Comme ils vivaient bien, avant que la terre ne soit sillonnée par de longues routes ! Le pin n’avait pas encore bravé les ondes azurées et n’avait pas encore offert une voile gonflée au vent, et le marin errant, cherchant des gains extérieurs sur des terres inconnues, n’avait pas encore chargé son bateau de marchandises. En ce temps là, le taureau vigoureux n’allait pas sous le joug, et le cheval ne mordait pas le mors d’une bouche domptée. La maison n’avait pas de portes, il n’y avait pas, fixée dans les champs, de pierre qui délimitait les terres avec des limites précises ; les chênes d’eux-mêmes donnaient du miel, et spontanément les brebis apportaient leurs mamelles gonflées de lait aux gens sans souci. Il n’y avait pas d’armée, de colère, de guerre, et le cruel forgeron n’avait pas forgé d’épée avec un art inhumain. Maintenant sous le règne de Jupiter, il y a toujours des meurtres et des blessures, maintenant il y a sur la mer mille chemins vers une mort soudaine. Ici les chants et les danses règnaient, et ici et là les oiseaux errants chantaient doucement d’une gorge délicate ; les champs non cultivés donnaient de la cannelle, et à travers tous les champs la terre bienveillante fleurissait de roses odorantes ; une file de jeunes gens mêlés à de tendres jeunes filles jouait, et l’Amour engageait le combat sans cesse. Ici c’était l’endroit pour tous les amants que la mort a surpris, et leur chevelure portait des couronnes de myrte qui les rendait remarquables.
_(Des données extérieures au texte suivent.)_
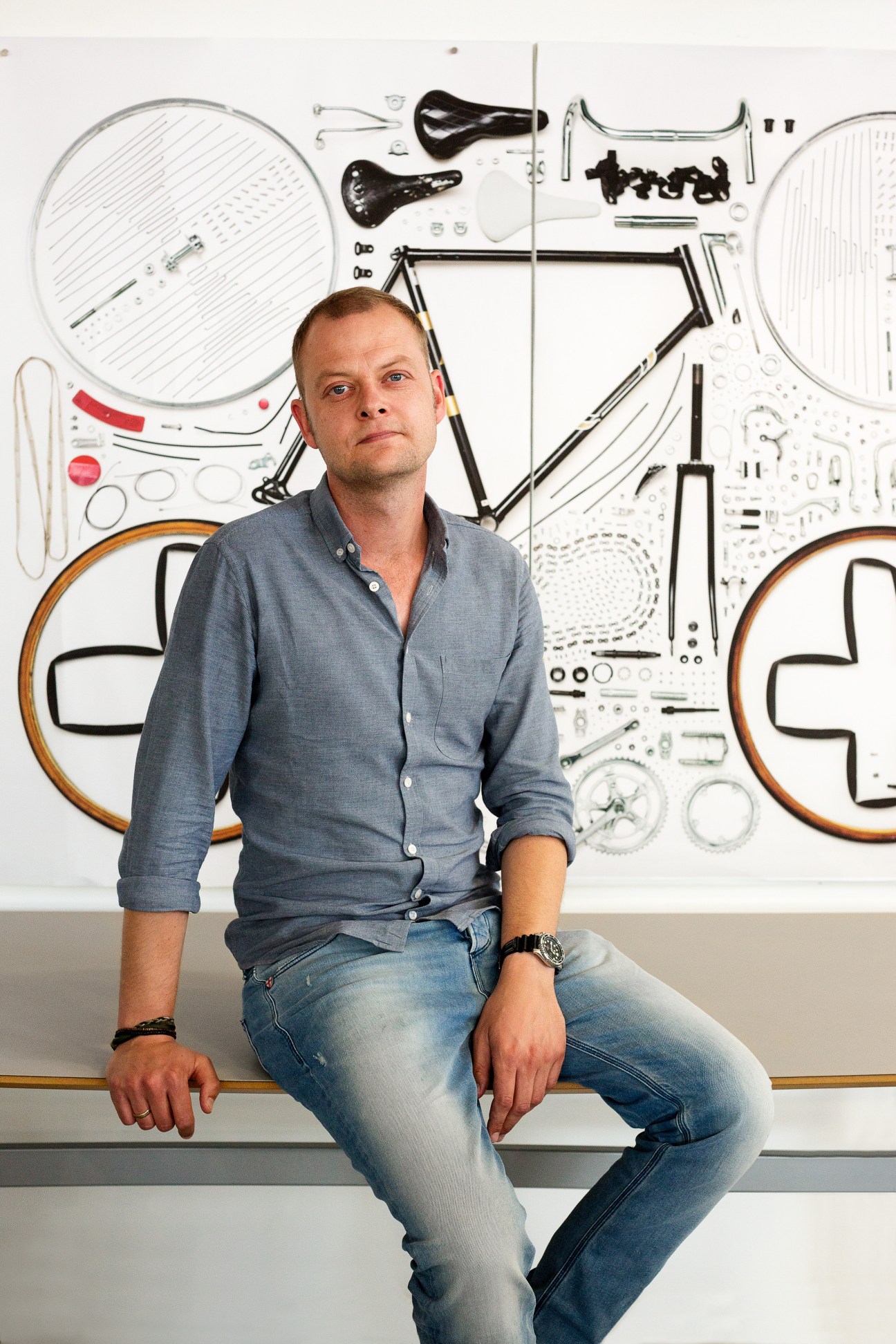 Man in blue shirt sitting in front of deconstructed bicycle parts wall display.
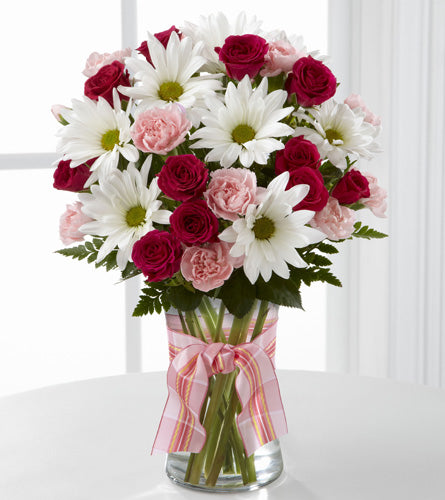 Sweet Surprises with Hot Pink Spray Roses - bouquet of red and pink mini carnations, with daisies in a clear vase with a pink bow.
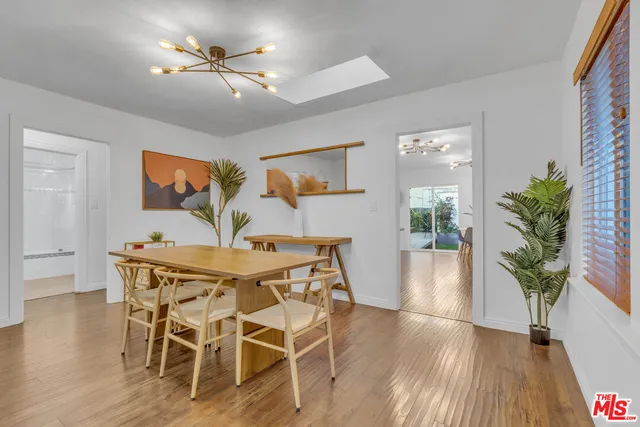a bathroom with a granite countertop sink mirror bathtub and shower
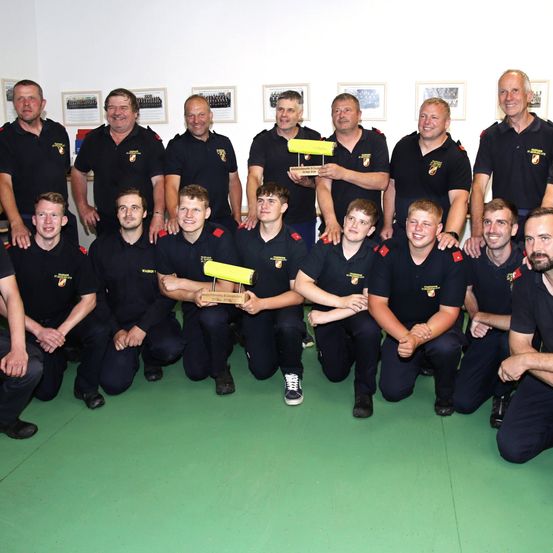 Eine Gruppe Feuerwehrleute, in schwarzen Uniformen gekleidet, posiert für ein Foto. Einige halten Trophäen. Sie stehen auf einer grünen Oberfläche mit gerahmten Bildern an einer weißen Wand hinter ihnen.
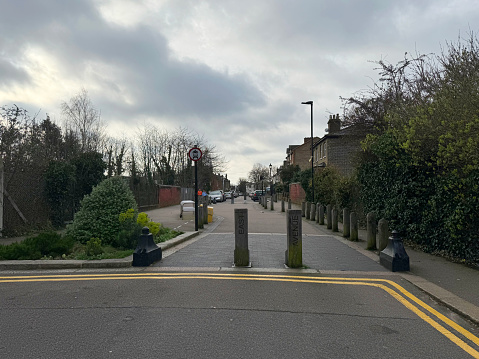 Cars restricted on a cycle path in Walthamstow, London. Part of the Mini Holland scheme. March 2024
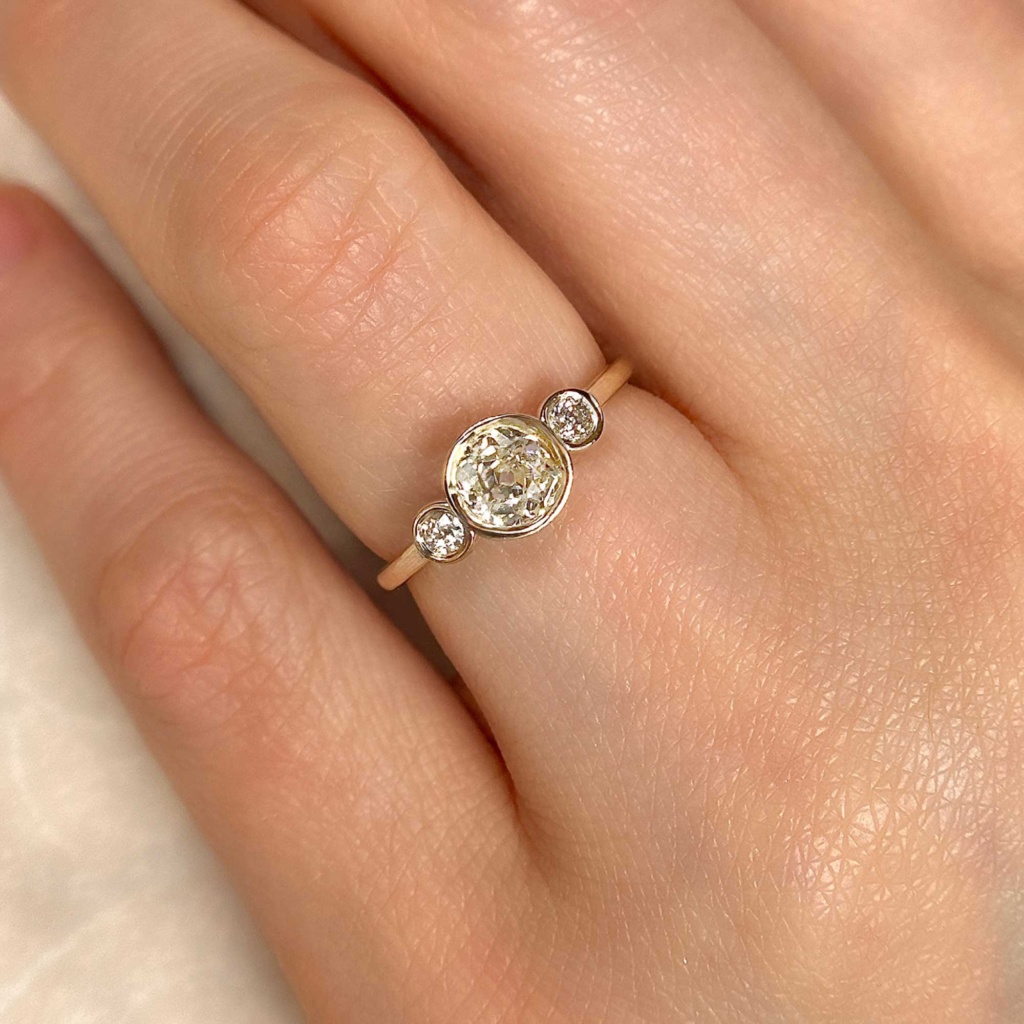 three bezel set old european cut engagement ring on finger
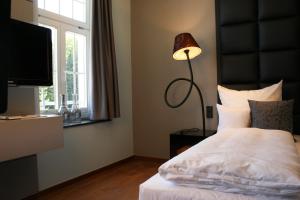 a bedroom with a bed with a lamp and a television at Hotel Rosenmeer in Mönchengladbach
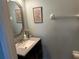 Stylish powder room with vanity, framed mirror, and decor at 201 Asterbrooke Dr, Deland, FL 32724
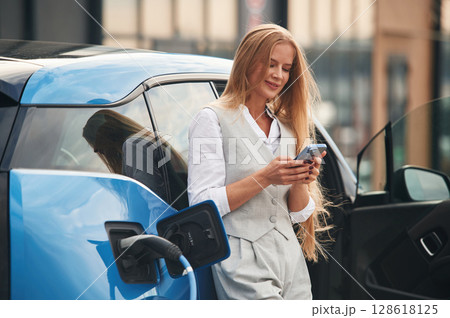 Process of charging, waiting. Woman on the electric cars station at daytime 128618125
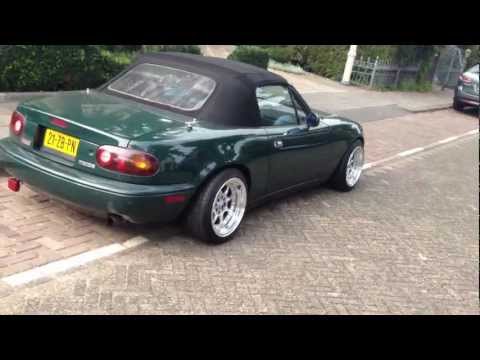 Mazda Miata NA 1995 with 15x8 XXR sportmaxx 002 rims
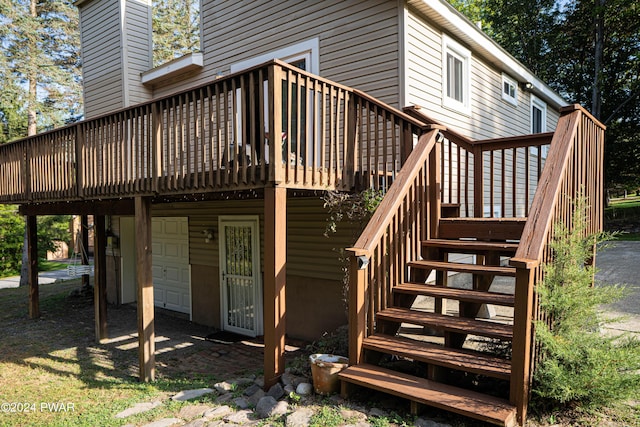 back of property with a deck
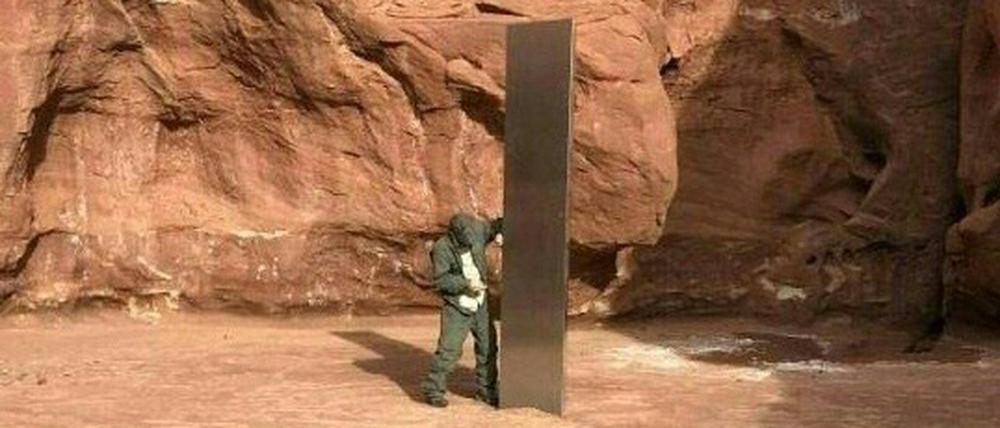 Ein Behördenmitarbeiter steht neben der Säule.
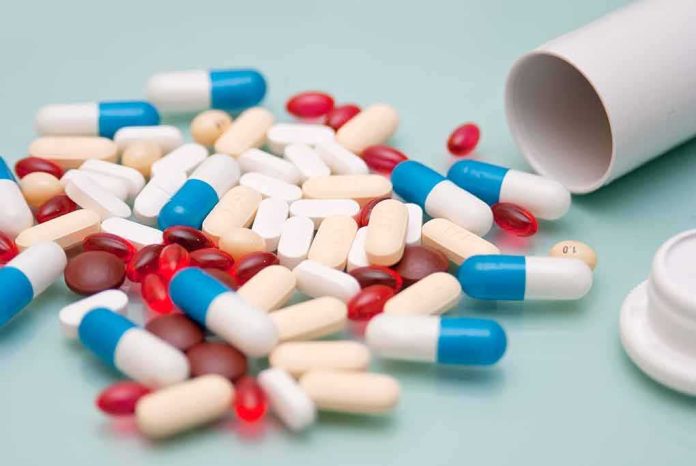 shutterstock_1925688692 Assorted pills and capsules spilled from a bottle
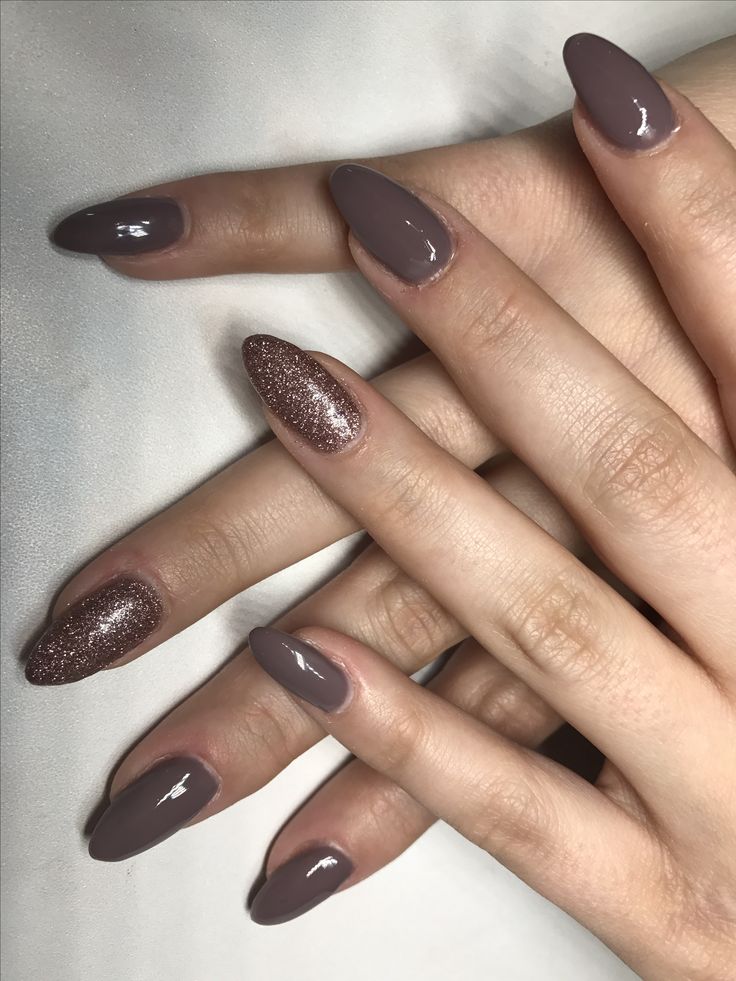 Sophisticated Nail Design Blending Rich Tones with Playful Sparkle.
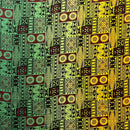 A flat-lay view of a Fijian Tapa Barkcloth Fabric (Style 3) featuring a traditional geometric pattern. The design consists of repeating rectangular tiles in a vibrant gradient of green, maroon, and yellow, filled with intricate black tribal motifs including sunbursts, triangles, and linear hatches.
Autre version du même mythe, trouvée dans un manuscrit ultérieur :
L’âge d’or naquit le premier qui cultivait la justice et la vertu spontanément, sans loi, sans vengeur. Le châtiment et la crainte étaient absents, et on ne lisait pas de mots menaçants gravés sur l’airain, et la foule suppliante ne craignait pas le visage de son juge, mais les gens étaient en sécurité sans défenseur. Le pin n’avait pas encore été abattu dans ses montagnes pour voir un monde étranger et n’était pas encore descendu sur les ondes liquides, et les mortels ne connaissaient aucun rivage en dehors des leurs ; les fossés en pente n’entouraient pas encore les forteresses ; il n’y avait pas de trompette droite, ni de cor recourbé, pas de casques, pas d’épées : les peuples en sécurité avaient de doux loisirs sans l’usage du soldat. La terre elle-même, libre d’impôts, non touchée par l’outil, et qui n’était pas blessée par els charrues, donnait tout spontanément, les hommes étaient contents des nourriture créées sans contrainte, ils cueillaient les fruits de l’arbousier et des fraises de montagne, et des cornouilles et des mûres attachées à des buissons épineux et des glands qui étaient tombés du large arbre de Jupiter. Le printemps était éternel, de calmes zéphyrs caressaient de tièdes souffles les fleurs nées sans semence. Encore la terre qui n’était pas labourée portait des récoltes d’elle-même, et le champ qui n’avait pas été labouré blanchissait de lourds épis ; tantôt des fleuves de lait, tantôt des fleuves de nectar coulaient, du miel blond coulait de l’yeuse verte.